This program, compiled in Xcode (gcc 4.0):

#include <iostream>
using namespace std;

int main()
{
const int i = 10;
int *iP;
iP = const_cast<int *>(&i);
*iP = 20;
cout << "address " << iP << " contains value: " << *iP << endl;
cout << "address " << &i << " contains value: " << i << endl;
return 0;
}

produces this output:

address 0xbffff568 contains value: 20
address 0xbffff568 contains value: 10

However, when I debug it, I see i go from 10 to 20. But it prints 10, as you can see. The same address containing two different values?! I don't think so!

So is this a compiler optimization at play here, where the compiler is "hard compiling" the i to be 10 even though I'm using const_cast to cast away constness on the pointer to i to "sneak around" and change i? It seems to me that this should fail at compile/run time or i should change. Something isn't right in Denmark.

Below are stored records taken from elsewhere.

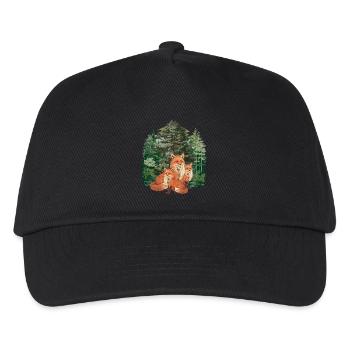 Wald Waldtiere Waldbewohner Fuchs Füchse Natur - Kinder Basecap - Schwarz - Vorne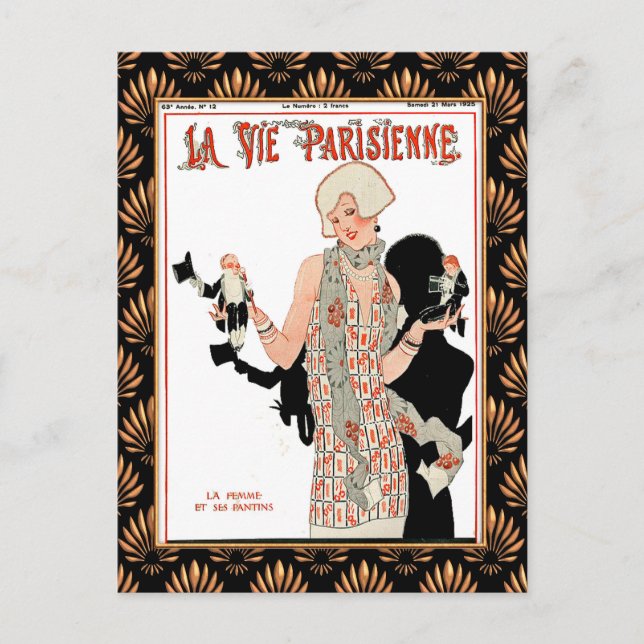 Tidskriften La Vie Parisienne 1920-talet täcker Vykort (Framsida)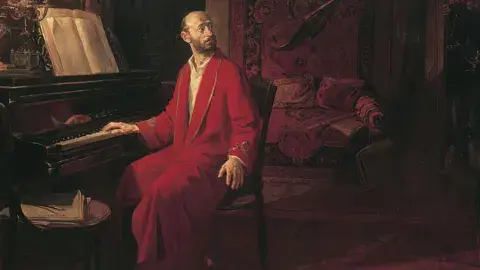 A painting of celebrated Armenian composer, Komitas, sitting by a piano. Painting by Sargis Muradyan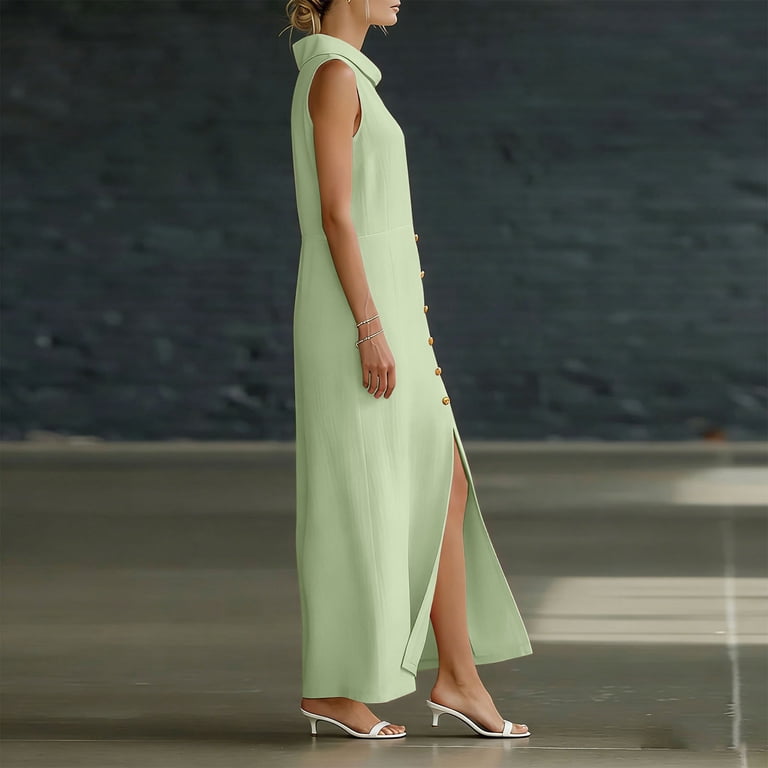 mint green work dress Gpaecead Women's Sleeveless Shawl Collar Button Side Slit Maxi Textured A Line French Dress For And Vacation A-Mint Green, Size: Small BFCM_30
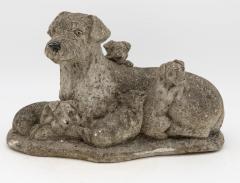 Vintage Reconstituted Stone Dog with Four Puppies English Mid 20th C  - 3364697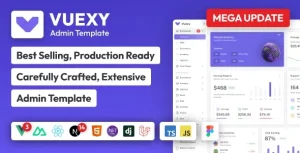 دانلود قالب Vuexy داشبورد لاراول، ری اکت، VueJS و HTML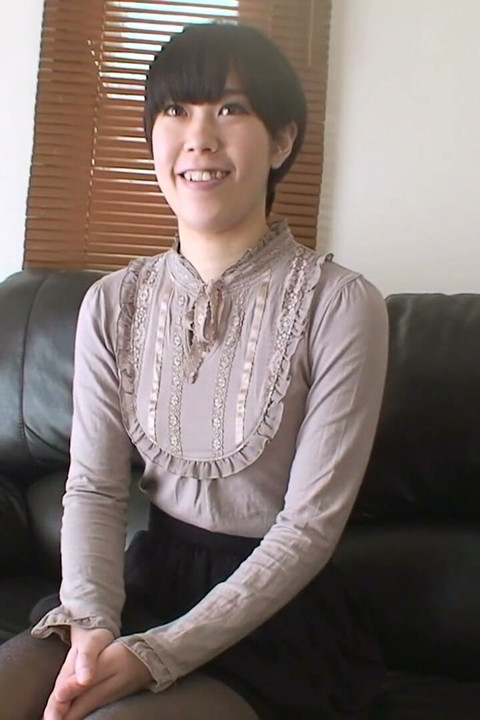 Adorable short hair Japanese MILF presents for cock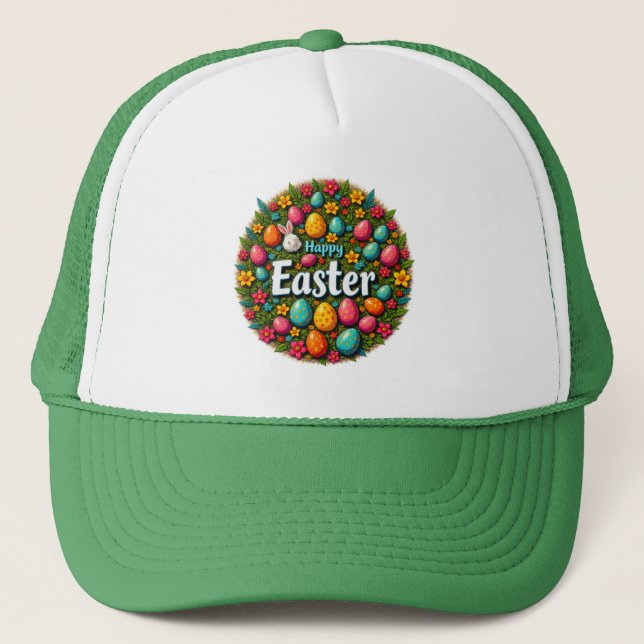 Happy Easter – Colorful Egg Wreath boné Truckerkappe (Vorderseite)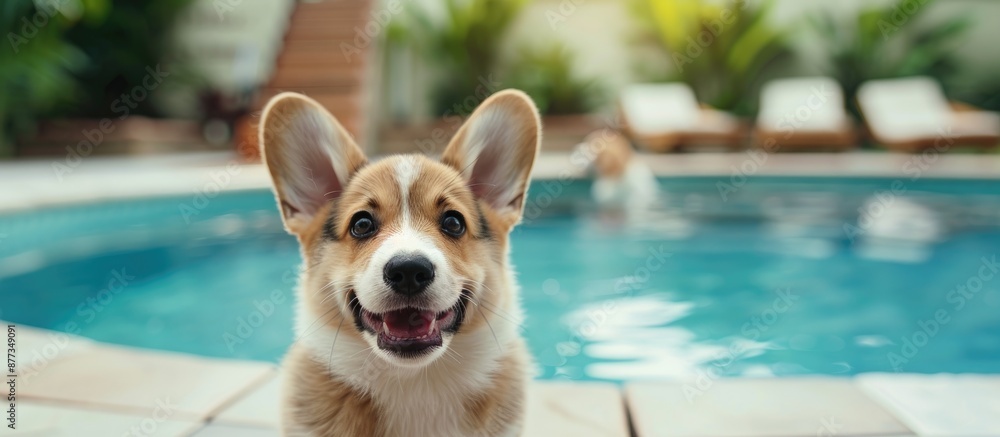 Aufkleber a joyful corgi puppy is near a pool with a happy face providing copy space in the image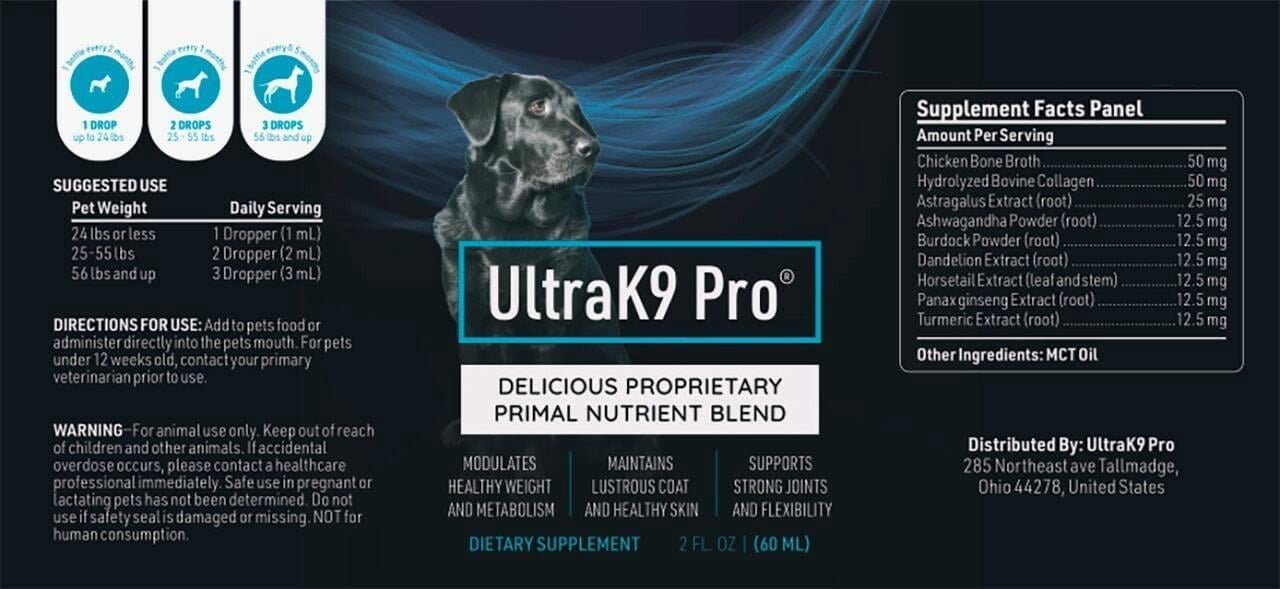 UltraK9 Pro Ingredients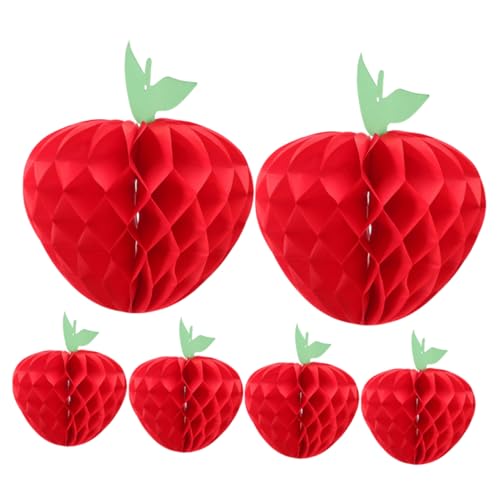 DECHOUS 6pièces Décorations Alvéolé Forme De Pomme De Décoration Suspendue Idéale pour Fête Anniversaire Et Événements Festifs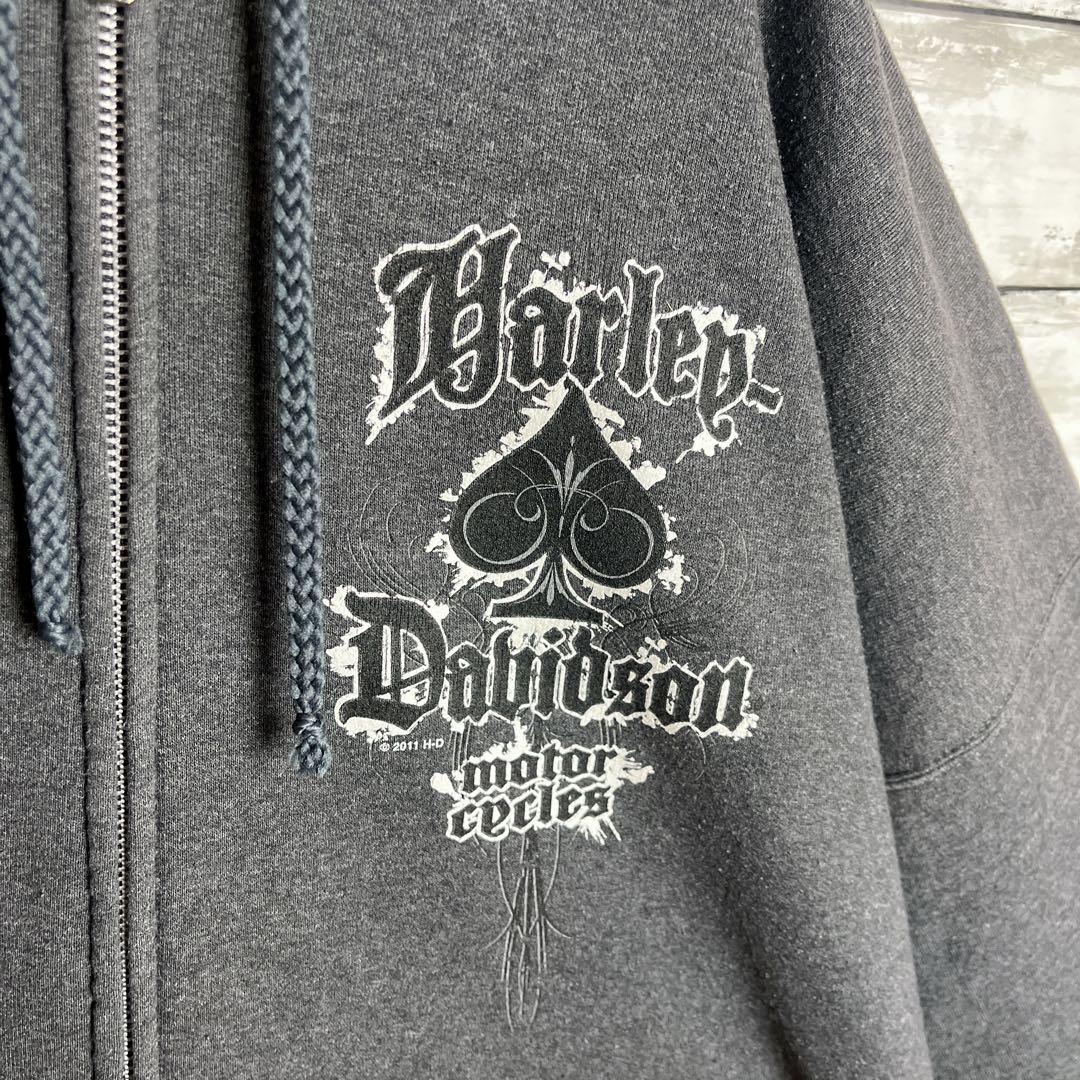 ハーレーダビッドソン◎フルジップ XL スペード柄 パーカー D284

Is this a compiler bug? Am I misusing const_cast?

It seems i is an alias for the literal 10, while at the same time being a variable in memory. Referencing i always gives 10 because its interpretation as an alias is done before its interpretation as a variable. Accessing the value by other means gives the real value. Try *(int *)&i.

Helios,

Using:
cout << "address " << &i << " contains value: " << *(int *)&i << endl;

in place of:
cout << "address " << &i << " contains value: " << i << endl;

indeed worked. Why?

It says cast the address of i to an int* and then dereference the resulting int* it to get i, right? I have no idea why that works.

This also works, using C++ style cast in place of C style cast :

cout << "address " << &i << " contains value: " << *(const_cast<int *>(&i)) << endl;

Still not sure why.

And it seems to me my original problem I submitted represents a bug, i.e., the compiler should either (1) allow changing the const via the pointer or (2) report an error at compile-time or throw an exception at run-time.

Am I wrong? Or is this just another weirdness of C++, a design decision?

But maybe, Helios, it's like you said: it's a matter of how i is "interpreted", and there are rules in the C++ specification about this, I'm guessing. If you are accessing const int i in the raw, it's an alias. But once you start asking for the address of i, the interpretation is that i is a variable.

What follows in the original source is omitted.